MATERIAL PROVIDED ->
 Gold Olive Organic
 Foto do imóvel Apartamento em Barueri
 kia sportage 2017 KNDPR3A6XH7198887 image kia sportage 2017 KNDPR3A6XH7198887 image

TASK DIRECTIONS -> Copy exactly the lines above, from the one containing "Foto do imóvel Apartamento em Barueri" through the very last line.

SOLUTION FOR THIS TASK ->
 Foto do imóvel Apartamento em Barueri
 kia sportage 2017 KNDPR3A6XH7198887 image kia sportage 2017 KNDPR3A6XH7198887 image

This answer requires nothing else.